# so far, so good



## macdevster

Is there a Russian expression that is roughly the equivalent of "So far, so good"?


----------



## Ptak

Maybe "пока неплохо".


----------



## bedtimestorynyc

или - "пока все нормально" или "все нормально"


----------



## Ptak

bedtimestorynyc said:


> или - "пока все нормально" или "все нормально"


"все нормально" means "everything is okay"


----------



## elemika

Пока всё хорошо...

или

Всё хорошо....пока.


----------



## bedtimestorynyc

Ptak said:


> "все нормально" means "everything is okay"


I know, and "everything is okay" is virtually the same thing as "so far so good"


----------



## Ptak

bedtimestorynyc said:


> I know, and "everything is okay" is virtually the same thing as "so far so good"

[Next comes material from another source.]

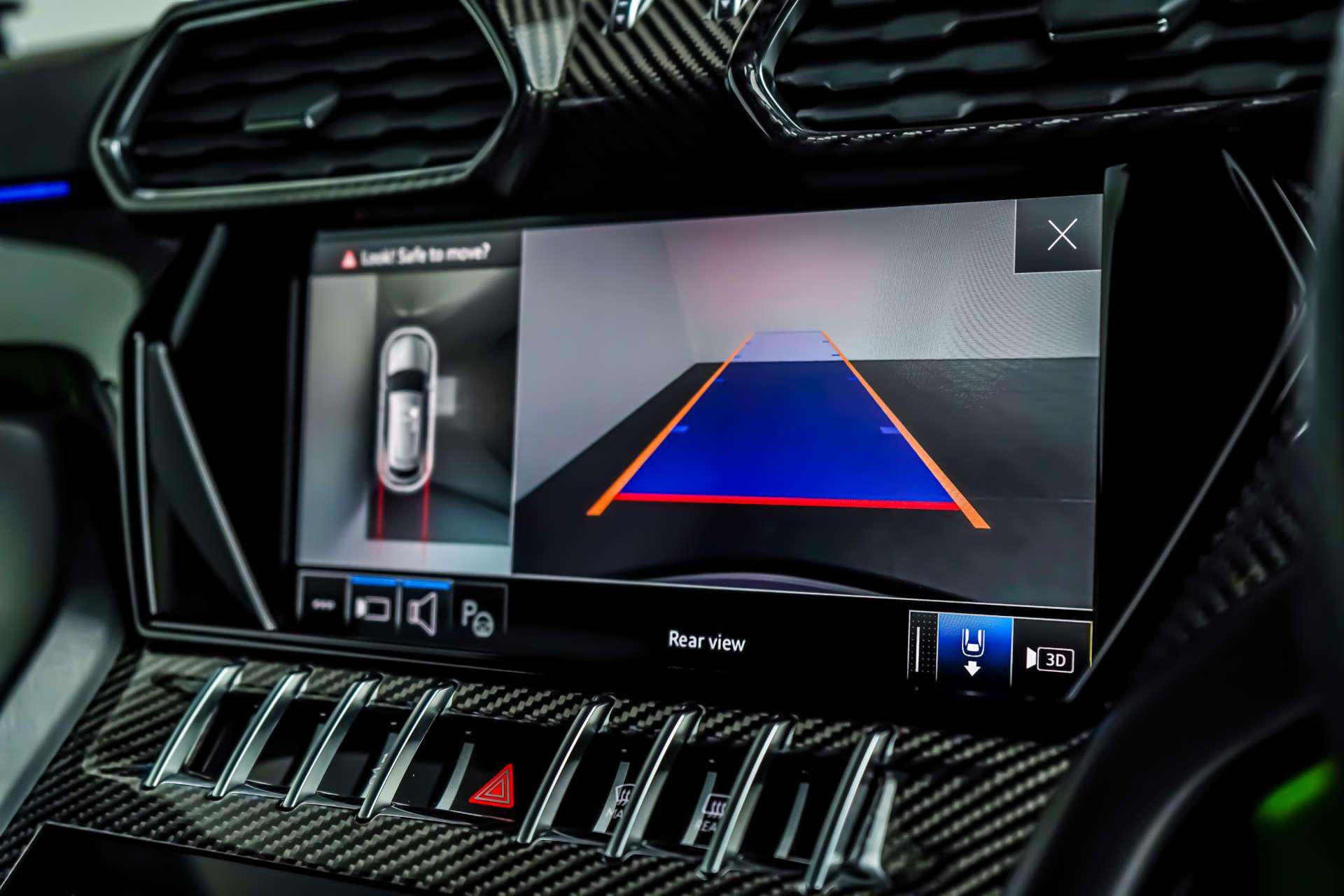 Lamborghini Urus view 16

Where is the "so far" then?


----------



## macdevster

Ptak said:


> Where is the "so far" then?



The expression "So far, so good" simply means that everything is going OK at this point in time.  I think the translations given above convey the same idea, more or less.

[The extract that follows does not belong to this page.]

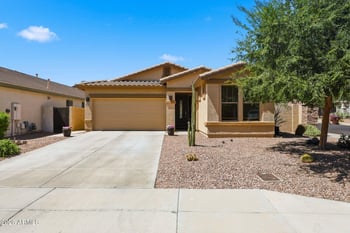 10262 Foothill Dr, Peoria, AZ 85383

Thanks to all who contributed!


----------



## antimatter

My opinion is that word *пока *is absolutely necessary to render the meaning of "so far" correctly.

I agree with Ptak


----------



## Ptak

macdevster said:


> The expression "So far, so good" simply means that everything is going OK at this point in time.

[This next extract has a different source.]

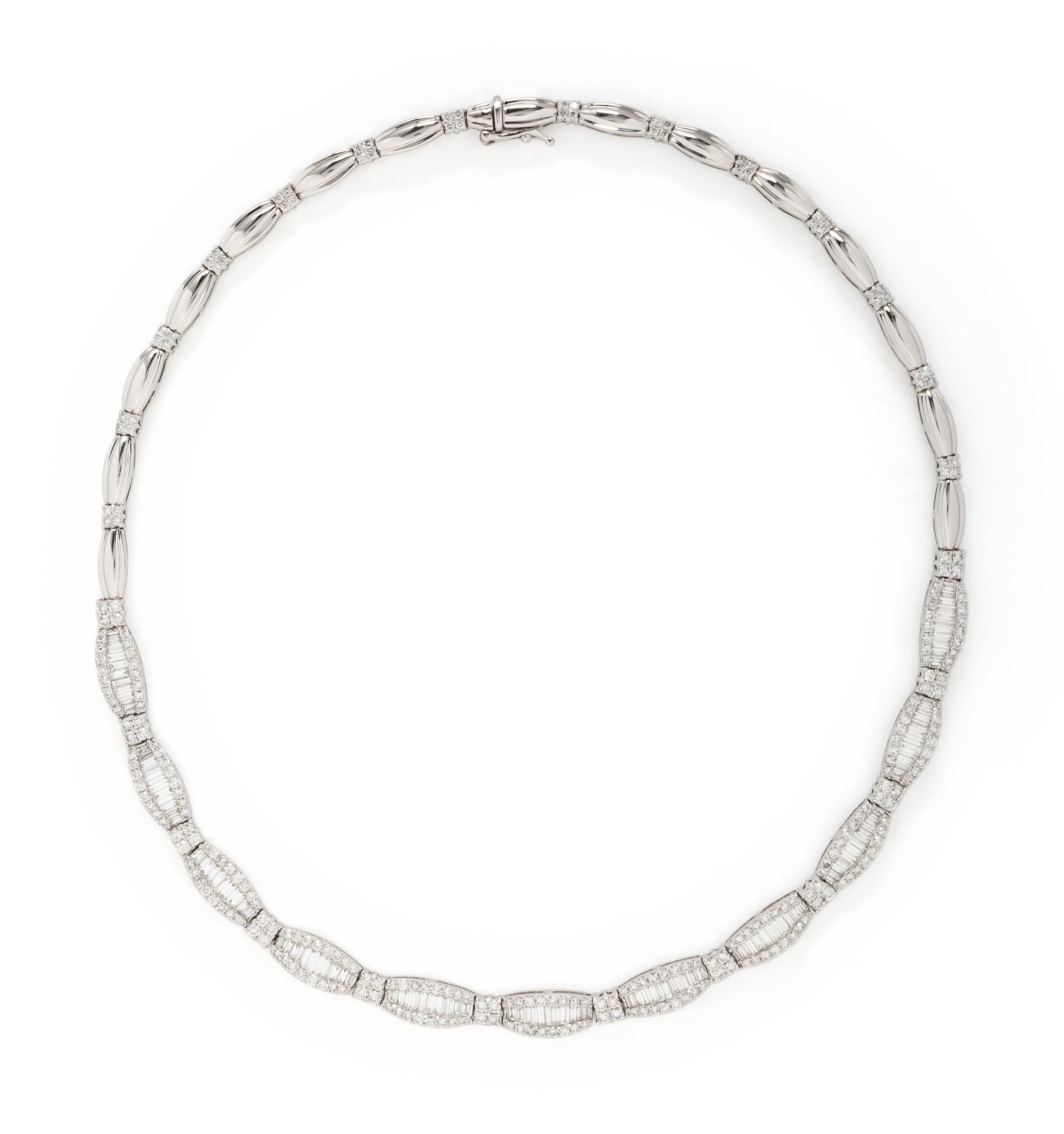 WHITE GOLD AND DIAMOND NECKLACE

I understand that. The thing is that "все нормально" (without the "пока") does not convey the idea of "at this point in time".


----------



## cyanista

Ptak said:


> The thing is that "все нормально" (without the "пока") does not convey the idea of "at this point in time".



Formally you are right. Some subtle point of meaning is missing in "все нормально". But I would say that _idiomatically_ it is not advisable to say "пока все нормально". Such answer is anything but common and might confuse your counterpart. They will most probably think you expect something unpleasant to happen to you soon, which is not the desired effect at all.


----------



## Ptak

cyanista said:


> Formally you are right. Some subtle point of meaning is missing in "все нормально". But I would say that _idiomatically_ it is not advisable to say "пока все нормально". Such answer is anything but common and might confuse your counterpart. They will most probably think you expect something unpleasant to happen to you soon, which is not the desired effect at all.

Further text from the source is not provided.